Disciplined Growth and Distribution
Although approaching its nine-year anniversary, High Society won't be dropping any banners proclaiming the brand's dominance. Instead, it focuses on exclusive distribution and long-term partnerships. "We make an effort to work with retailers that we know will do well with the brand for the long-term," offers Charles, "One year deals are not of much interest to us." After sharpening their teeth as rental techs, salesmen, and buyers, the founders of High Society "know what it's like to be on the other end of the equation. So we look at each retail partner from their point of view to make sure we put together the best distribution plan possible every time."
This focus on long-term, consistent growth was part of what made Canaday feel the brand would fit well with Never Summer. He explains that this approach yields "smart growth" and ensures that "High Society sells everything that we build for them." In addition to helping secure a relationship with Never Summer, the brand's strategic growth attracted Carrigan's attention. Last year, Carrigan and his company, Sales Guys, began working with the brand to further its retail base.
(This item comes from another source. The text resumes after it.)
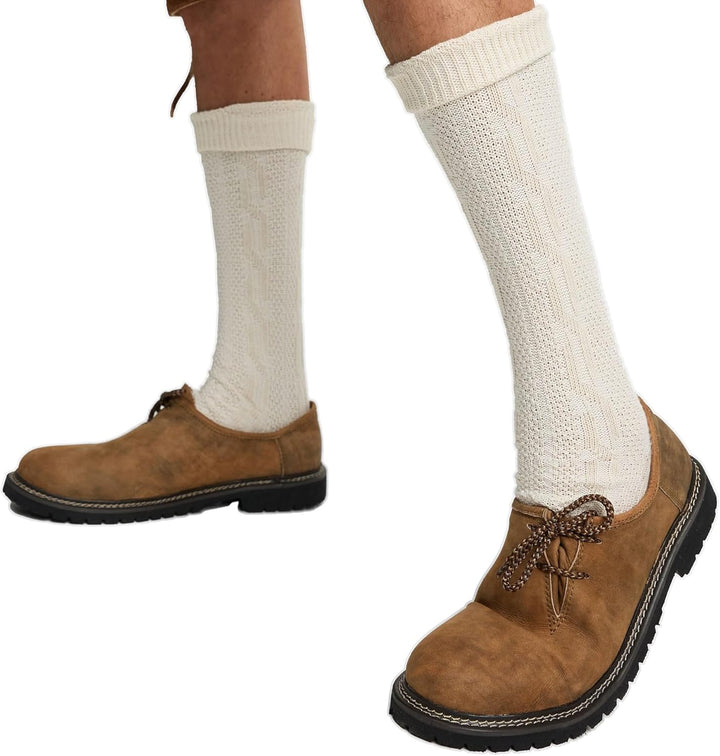 Traditionelle Haferlschuhe mit seitlicher Schnürung, perfekte Herrenschuhe für Feste.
After meeting with the brand's founders, Carrigan was impressed by "their vision and unique approach to the market as a global lifestyle brand." Although the brand has opened over twenty-five new accounts this past year, he takes greater pride in the long-term support and sell-thru High Society offers its retail partners. After all, notes Carrigan, "Sales is about a process—not instant gratification. Many brands build great products and have a marketing vision for their brands. Introducing new products to the market and sales, however, is about the network, connections, and strategic and disciplined growth." Carrigan explains that this approach is paying off, as "Preseason sales exceeded expectations for our retailers. Within the first forty-five days of the season, some had sold as much as forty-percent of their High Society offerings."
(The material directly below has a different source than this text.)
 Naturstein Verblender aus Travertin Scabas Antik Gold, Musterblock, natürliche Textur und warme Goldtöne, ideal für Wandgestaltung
"We expect growth of between forty and sixty percent, this season from last," reveals Charles. "We have to thank our Never Summer family and our retailers for helping make this happen." As the brand continues to evolve, it remains committed to forming strategic partnerships with specialty retailers—be they in Aspen or the Alps. "I hope that if you walk into the best retailer anywhere in the world, it offers High Society and that the person working there is excited to tell you about the brand," states Charles. "We do not want to be sold in every account, just the ones that are proud to offer our products to their customers."
An Ongoing Evolution
According to Canaday, High Society's commitment to its original vision separates the brand from many others. "I've had people over the years say they want to go this route, and then all of a sudden they change and try to go another path," he explains. "These guys are very consistent with what they want to do."
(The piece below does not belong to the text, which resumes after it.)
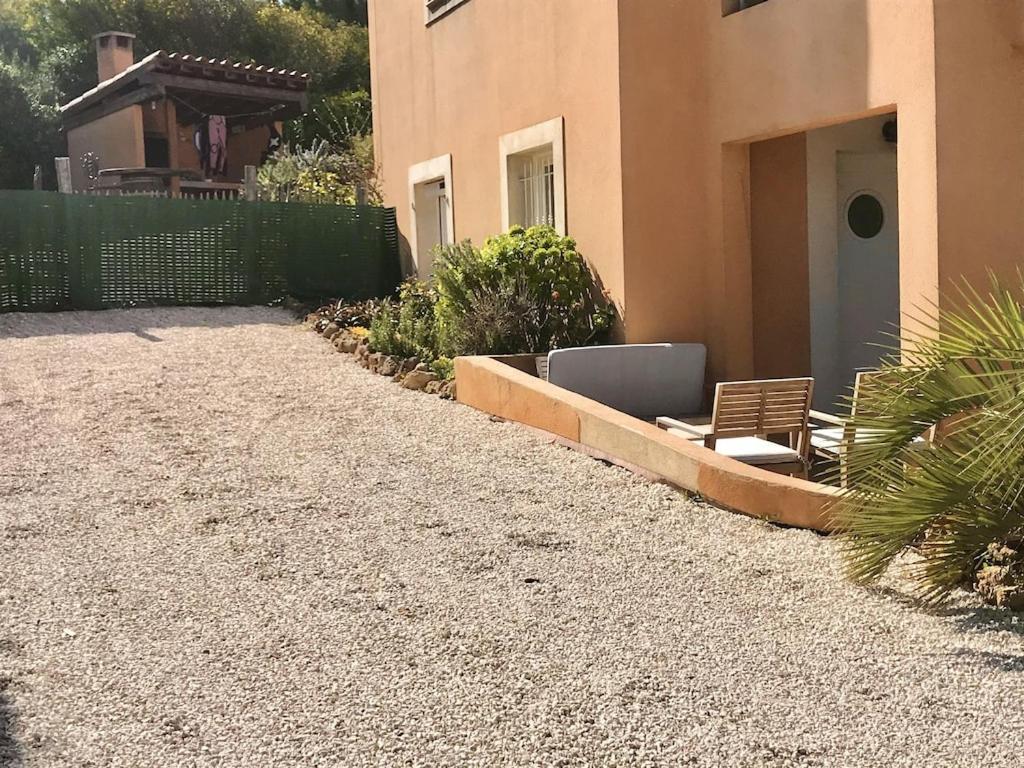 Giens-t2 Charme-7m A Pied - Rez De Jardin Apartment Hyères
"I think they've done everything right so far," Canaday states. And apparently, he's not the only one who believes this. Recently, the company's FR Rocker Ski earned an Editor's Pick award from Freeskier magazine after attaining the highest score in its test of men's microbrew skis. The ski's cambered cousin, the FR, earned a Tester's Choice award from Skiing magazine. Meanwhile, its boards continue to generate a following among shop kids. Following in the footsteps of the brand's founders, they devote their days to terrorizing the mountain and spend all of their wages on gear. Fortunately for them, this gear now lasts.